On September 29, 2021, it was announced that Skyler Gisondo, Kiersey Clemons, Peter S. Kim, and Jaboukie Young-White would make up the main voice cast with Pamela Adlon, Yvette Nicole Brown, Rob Delaney, Zoey Deutch, John Leguizamo, Camila Mendes, Billy Porter, and Ben Schwartz among the guest stars.

==Release==
All eight episodes of the first season premiered on Amazon Prime Video on October 29, 2021. Season 2 was released on June 10, 2022.

== Reception ==
The first season holds an 83% approval rating on review aggregator Rotten Tomatoes, based on 12 critic reviews. Daniel Fienberg of The Hollywood Reporter called the series "...a fittingly ephemeral thing, more amusingly silly than deeply funny.

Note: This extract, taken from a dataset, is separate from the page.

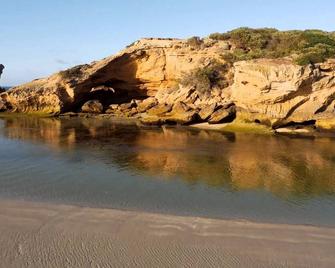 Castaway Lagoon Warrnambool - Warrnambool - Beach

It's visually energetic, humorously frantic and populated by an exceptional voice cast. It's much more invested in endless name-dropping than in being consistently substantive, but it does a good job of simultaneously respecting and mocking the world it's depicting." In a negative review, Megan Kirby of The A.V. Club wrote, "Fairfax presents itself as a show for the terminally online. But somehow, it only scratches the surface of the internet culture that makes up its whole premise."